Their next mission? Punch another pipeline through Indigenous lands

Canadians can shake our heads at police brutality in the United States, but the same tactics and equipment are used in our country, with alarming numbers of Black and Indigenous people hurt and killed.

Irene Joseph, a Wet’suwet’en elder using a walker, was stopped at a shopping plaza in Smithers, B.C. by RCMP constable Darrin Meier. Falsely suspecting her of shoplifting, Meier threw her on the icy sidewalk and jumped on top of her, trying to force her into handcuffs.

Last week a B.C. Supreme Court judge found that Meier “falsely arrested, falsely imprisoned, assaulted and battered” Irene Joseph. Would a white woman in her 60s using a walker have faced the same treatment? It’s laughable to even suggest.

Less than an hour down Highway 16, the “Highway of Tears,” a platoon of RCMP officers massed on a snowy road outside Houston, B.C. Armour-clad tactical teams swept into unceded Wet’suwet’en territory in 2019 and again in 2020, pointing sniper rifles at land defenders and arresting women mid-ceremony. Why were they there? To force a pipeline through.

Dale Culver, a Wet’suwet’en construction worker, moved to Prince George for job training. One night he was riding his bike when he was stopped by five RCMP officers. Minutes later, Culver was dead. Police told witnesses to delete videos of the incident on their phones. After three years, B.C.’s Independent Investigations Office has recommended charges against all five cops involved.

The definition of ‘systemic’

These are examples from one corner of one province, involving members of one Indigenous nation. Multiply these incidents across the country and it becomes clear we have a problem. The RCMP keeps a database on police killings, but refuses to release it to the public. So CBC News analyzed 461 deaths between 2000 and 2017.

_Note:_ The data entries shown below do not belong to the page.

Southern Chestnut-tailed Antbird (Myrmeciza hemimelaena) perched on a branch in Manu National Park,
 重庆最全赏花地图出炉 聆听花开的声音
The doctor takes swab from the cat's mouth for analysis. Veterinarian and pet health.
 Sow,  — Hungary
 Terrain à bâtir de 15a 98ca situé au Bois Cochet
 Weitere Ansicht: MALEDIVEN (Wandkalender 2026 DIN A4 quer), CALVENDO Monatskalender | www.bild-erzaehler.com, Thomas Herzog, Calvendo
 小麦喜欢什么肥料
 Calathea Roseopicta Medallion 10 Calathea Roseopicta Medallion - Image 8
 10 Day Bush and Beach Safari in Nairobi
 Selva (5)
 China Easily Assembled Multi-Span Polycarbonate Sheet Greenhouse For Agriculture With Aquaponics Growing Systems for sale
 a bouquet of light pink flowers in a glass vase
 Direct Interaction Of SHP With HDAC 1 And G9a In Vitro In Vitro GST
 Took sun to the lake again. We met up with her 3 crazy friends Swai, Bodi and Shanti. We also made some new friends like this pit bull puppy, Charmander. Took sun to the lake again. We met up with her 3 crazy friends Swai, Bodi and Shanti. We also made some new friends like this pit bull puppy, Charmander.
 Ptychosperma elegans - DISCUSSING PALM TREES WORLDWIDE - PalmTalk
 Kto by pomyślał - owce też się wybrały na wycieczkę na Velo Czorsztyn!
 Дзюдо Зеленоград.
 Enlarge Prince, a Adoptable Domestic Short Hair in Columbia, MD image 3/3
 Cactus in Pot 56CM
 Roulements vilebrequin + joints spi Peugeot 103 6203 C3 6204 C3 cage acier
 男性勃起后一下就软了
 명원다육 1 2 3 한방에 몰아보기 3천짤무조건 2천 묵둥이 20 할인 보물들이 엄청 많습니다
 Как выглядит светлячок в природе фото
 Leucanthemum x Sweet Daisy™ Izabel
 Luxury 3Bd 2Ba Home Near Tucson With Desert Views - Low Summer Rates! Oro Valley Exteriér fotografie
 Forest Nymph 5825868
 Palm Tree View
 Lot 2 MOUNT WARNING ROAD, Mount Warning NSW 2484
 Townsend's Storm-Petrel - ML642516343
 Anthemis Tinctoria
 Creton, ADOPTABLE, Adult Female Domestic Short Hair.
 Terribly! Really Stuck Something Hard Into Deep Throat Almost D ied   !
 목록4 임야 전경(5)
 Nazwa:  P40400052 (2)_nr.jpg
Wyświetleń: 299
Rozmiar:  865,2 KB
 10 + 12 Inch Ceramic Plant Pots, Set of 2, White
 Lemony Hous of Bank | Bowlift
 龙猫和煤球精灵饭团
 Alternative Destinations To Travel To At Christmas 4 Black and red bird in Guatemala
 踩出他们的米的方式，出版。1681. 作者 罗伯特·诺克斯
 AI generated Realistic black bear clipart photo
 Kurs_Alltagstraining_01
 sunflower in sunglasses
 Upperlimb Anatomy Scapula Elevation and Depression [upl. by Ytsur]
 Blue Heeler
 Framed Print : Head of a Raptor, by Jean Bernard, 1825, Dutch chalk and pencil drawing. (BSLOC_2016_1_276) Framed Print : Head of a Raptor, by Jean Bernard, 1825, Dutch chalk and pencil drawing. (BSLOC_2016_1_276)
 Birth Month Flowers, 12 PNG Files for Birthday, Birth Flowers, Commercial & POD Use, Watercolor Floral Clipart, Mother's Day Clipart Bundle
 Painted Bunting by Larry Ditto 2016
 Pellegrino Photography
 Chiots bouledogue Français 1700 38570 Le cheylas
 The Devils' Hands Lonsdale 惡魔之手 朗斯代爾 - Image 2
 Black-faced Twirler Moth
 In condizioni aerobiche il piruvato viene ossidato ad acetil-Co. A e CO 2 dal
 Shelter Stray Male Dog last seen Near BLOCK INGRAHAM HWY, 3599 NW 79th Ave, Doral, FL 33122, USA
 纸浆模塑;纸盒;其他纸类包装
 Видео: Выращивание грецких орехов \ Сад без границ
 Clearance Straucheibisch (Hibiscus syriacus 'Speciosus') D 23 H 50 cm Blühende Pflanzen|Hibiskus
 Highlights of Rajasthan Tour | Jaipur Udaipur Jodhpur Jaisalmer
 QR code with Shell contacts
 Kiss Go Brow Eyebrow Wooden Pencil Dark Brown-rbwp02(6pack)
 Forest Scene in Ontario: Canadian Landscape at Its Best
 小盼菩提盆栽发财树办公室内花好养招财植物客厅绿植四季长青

They found that police killings are on the rise. They found that Black people and Indigenous people were killed at rates three times higher than their share of the population. That doesn’t happen because of a few bad apples. It happens because our systems and institutions make some people more likely to find themselves at the end of a police gun — and make officers more likely to pull the trigger.

Toronto journalist and activist Desmond Cole recently compiled the stories of 27 Black, Indigenous and other people of colour killed by police, including three in just three days in April. Then last week, as protests erupted against the murder of George Floyd by an officer in Minneapolis, Regis Korchinski-Paquet fell to her death from her balcony in Toronto. Her family blames the police.

So no, we don’t get to look at the United States and claim that those problems don’t exist here. The real question is why we’re not more outraged by what’s going on.

What does this have to do with climate change?

I am sometimes told to ‘stay in my lane’ by environmentalists who describe issues of racial justice as a distraction from the urgent work of stopping climate change. As I said to one of them, perhaps the reason we have failed to reduce greenhouse gas emissions is because we haven’t attacked the entrenched systems of power that make it possible for corporations to pollute our planet with impunity.

Those same corporations don’t give a fig about human life — especially poor, marginalized, rural or otherwise voiceless people who are in the way of profit. And their power relies on a critical mass of middle-class voters staying distracted, or unwilling to risk their own comforts to defend other people’s rights.

This is about to get very real in B.C. with the government’s attempt to build the Trans Mountain pipeline and oil tanker expansion. Construction started this week on a seven-kilometre spread in Kamloops, which is expected to take seven months. It’s a slow start after years of delay (that is sure to continue) but equipment will soon arrive in the Lower Mainland. Trans Mountain plans to start boring a tunnel through Burnaby Mountain in July.

Canadian taxpayers are not only on the hook for $12.6 billion in construction costs, we also pay for pipeline security. Think of all the money we spend on surveillance, spy equipment, CSIS agents and police to protect oil & gas infrastructure. It’s another massive, ongoing subsidy to an industry that any reasonable person could tell you is dying.

Which side are you on?

You can expect a terrifying show of force by police if any Indigenous communities decide to stand in the way of Trans Mountain. Like we saw at Elsipogtog in New Brunswick or the Gidimt’en checkpoint this February, the RCMP relies on armoured vehicles, rifles, camouflage and dogs to intimidate most people into staying away — and cast those that stand their ground as dangerous insurgents (otherwise why would officers need military equipment?)

But there are two things that serve as a check on police brutality, and may help to hold officers accountable in moments like this. One is video cameras recording their every move. The other is the presence of witnesses with privilege and — let’s face it — light-coloured skin.

If Indigenous people choose to defy injunctions and stand in the way of pipeline construction on their land, it’s imperative they do not stand alone. For the sake of community safety, and to combat disinformation, we will need local observers to bear witness around the clock to actions by police, and likely vigilantes.

Police brutality, the armed defence of private property and the push to dig up oil and build pipelines across stolen land — these are all part of the same violent colonial machine. We must work together to dismantle it, to save lives today and slow the deadly march of the climate crisis.